Perceptive Comments, Bruce.Disregard of what users want certainly isn't limited to Ubuntu. I see much of the same thing happening with both KDE and OpenSuSe. I don't think it is deliberate or intended, but some developers seem absolutely blinded to how their users actually do use features and are both offended and amazed that users question their decisions.
The recent foisting of KDEPIM 4.4.5 in OpenSuSe 11.3 upon unsuspecting users is a good example. Kaddressbook is basically unusable - with distribution lists gone, and much of the information in the 4.3 version simply not showing up. Maybe not everyone uses distribution lists when they use Kaddressbook but it's essential for me, and telling me afterward that Kaddressbook is still under development is very disappointing. If a major part of KDEPIM is not ready, DON'T RELEASE IT UNTIL IT IS!
In addition, the dropping of SCPM from OpenSuSe 11.3 is another slap in the face to those of us who use it. Telling users to write arcane scripts to do workarounds is not acceptable. I certainly don't remember anyone asking me if dropping scpm was going to cause problems.

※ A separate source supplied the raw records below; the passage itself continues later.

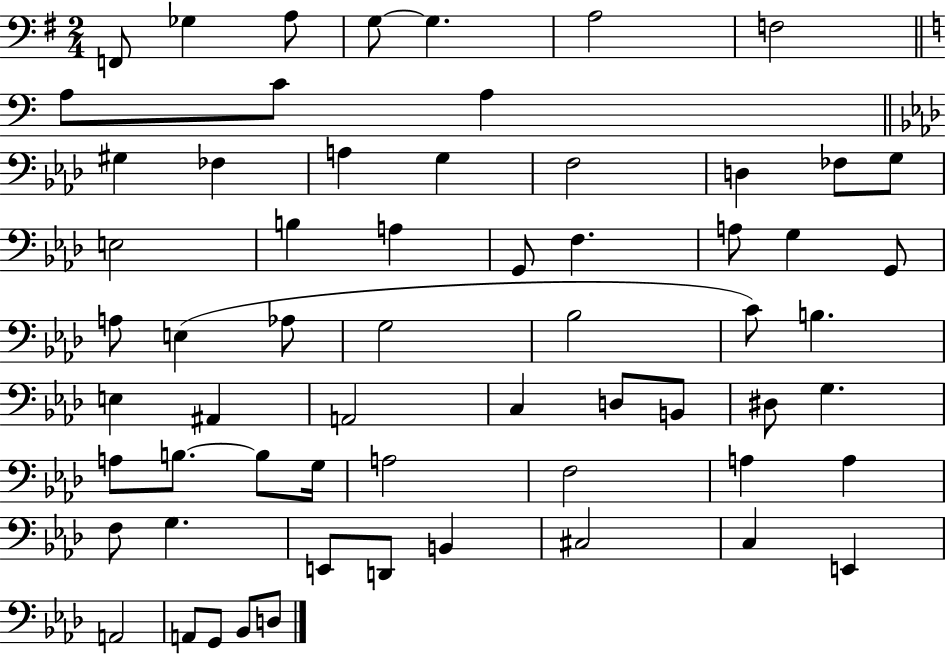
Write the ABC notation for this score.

X:1
T:Untitled
M:2/4
L:1/4
K:G
F,,/2 _G, A,/2 G,/2 G, A,2 F,2 A,/2 C/2 A, ^G, _F, A, G, F,2 D, _F,/2 G,/2 E,2 B, A, G,,/2 F, A,/2 G, G,,/2 A,/2 E, _A,/2 G,2 _B,2 C/2 B, E, ^A,, A,,2 C, D,/2 B,,/2 ^D,/2 G, A,/2 B,/2 B,/2 G,/4 A,2 F,2 A, A, F,/2 G, E,,/2 D,,/2 B,, ^C,2 C, E,, A,,2 A,,/2 G,,/2 _B,,/2 D,/2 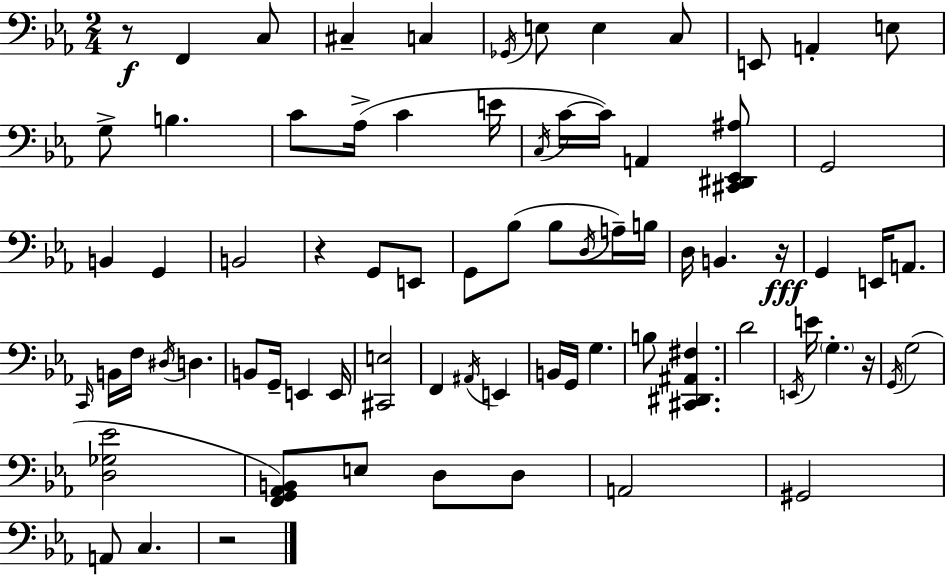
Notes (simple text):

R/e F2/q C3/e C#3/q C3/q Gb2/s E3/e E3/q C3/e E2/e A2/q E3/e G3/e B3/q. C4/e Ab3/s C4/q E4/s C3/s C4/s C4/s A2/q [C#2,D#2,Eb2,A#3]/e G2/h B2/q G2/q B2/h R/q G2/e E2/e G2/e Bb3/e Bb3/e D3/s A3/s B3/s D3/s B2/q. R/s G2/q E2/s A2/e. C2/s B2/s F3/s D#3/s D3/q. B2/e G2/s E2/q E2/s [C#2,E3]/h F2/q A#2/s E2/q B2/s G2/s G3/q. B3/e [C#2,D#2,A#2,F#3]/q. D4/h E2/s E4/s G3/q. R/s G2/s G3/h [D3,Gb3,Eb4]/h [F2,G2,Ab2,B2]/e E3/e D3/e D3/e A2/h G#2/h A2/e C3/q. R/h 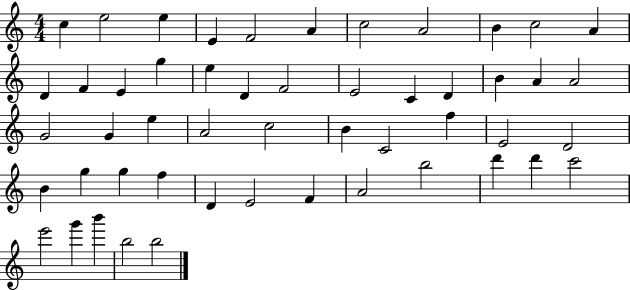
{
  \clef treble
  \numericTimeSignature
  \time 4/4
  \key c \major
  c''4 e''2 e''4 | e'4 f'2 a'4 | c''2 a'2 | b'4 c''2 a'4 | \break d'4 f'4 e'4 g''4 | e''4 d'4 f'2 | e'2 c'4 d'4 | b'4 a'4 a'2 | \break g'2 g'4 e''4 | a'2 c''2 | b'4 c'2 f''4 | e'2 d'2 | \break b'4 g''4 g''4 f''4 | d'4 e'2 f'4 | a'2 b''2 | d'''4 d'''4 c'''2 | \break e'''2 g'''4 b'''4 | b''2 b''2 | \bar "|."
} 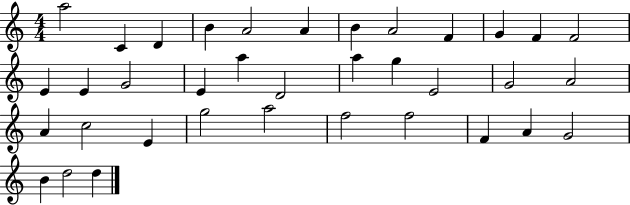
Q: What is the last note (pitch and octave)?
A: D5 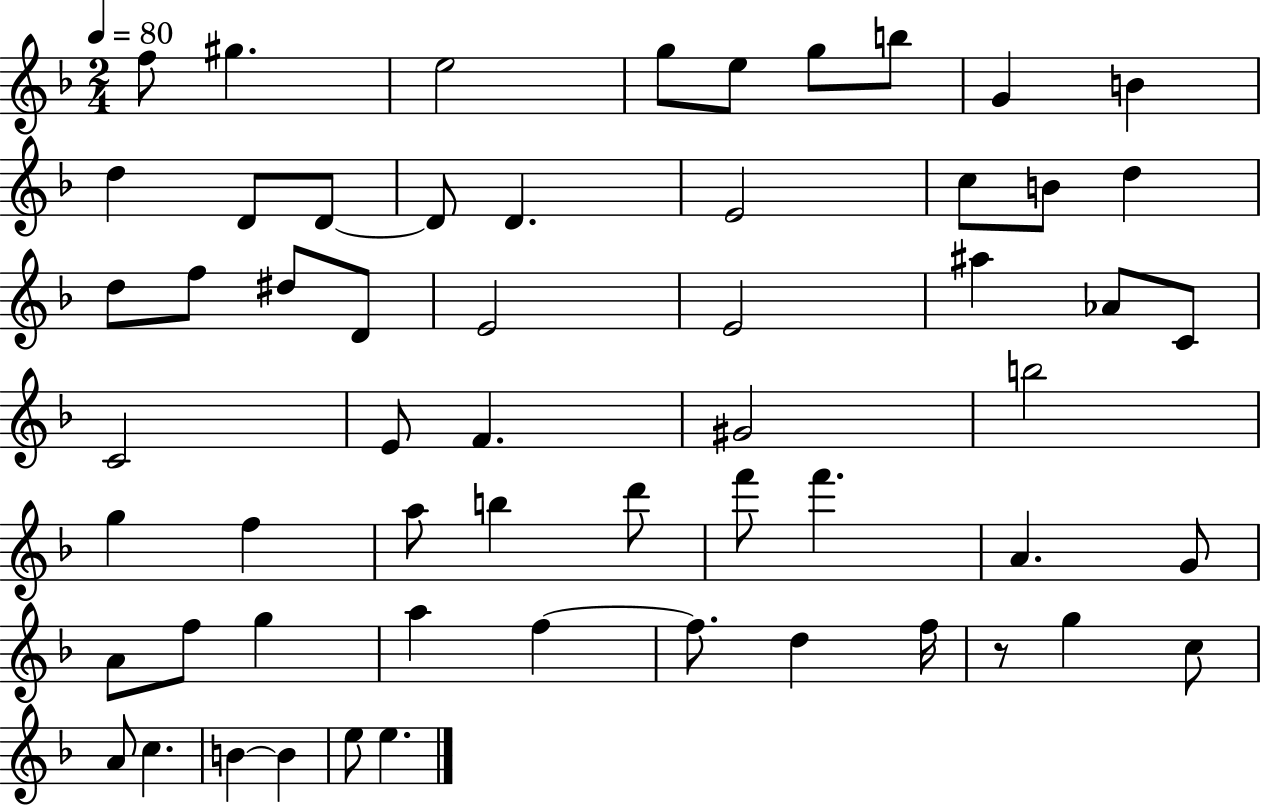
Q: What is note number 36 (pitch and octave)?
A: B5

Developers should not assume that because they are volunteers we should all bow down to them in gratitude and not question their decisions, either. Not because we don't appreciate their contributions, but because users of the software should have their needs and desires also taken into consideration.
Fire proof underwear donned.
GUI choiceGUI choice is the same as the type/kind of food/dress style. Even within a style type IE, the KDE 3.5.10/4.XXX (war?). I am one of the KDE 3.5.10 user's. Tryed several KDE 4.x version's but not quite done yet. Maybe when 5 come's out will try that. Will prob be a while longer.
The desktop of choiceThis is a very thoughtful article, but when I think of why I use Kubuntu over Ubuntu it is because my favorite application that I can't live without is Digikam. It is true I can run the app under Gnome, but then updates, libraries, new feature implementations all become troublesome. It is just more convenient to run it under KDE.
I don't think I'm alone in preferring a desktop because of a favorite app or apps.
Its about cost. In the future web apps will all be pay as you go.And that risk of being ripped off is why i dont want to switch to pure web apps.... Its loss of control.....really do you trust oracle, apple or google not to turn around once every one is commitedd not to increase there prices? i dont mind paying for quality, but im not going to be suckered into the software equivilent of a phone contract... I'd hate to loose my data, but thats imaterial if they are legally robing you to use you own stuff.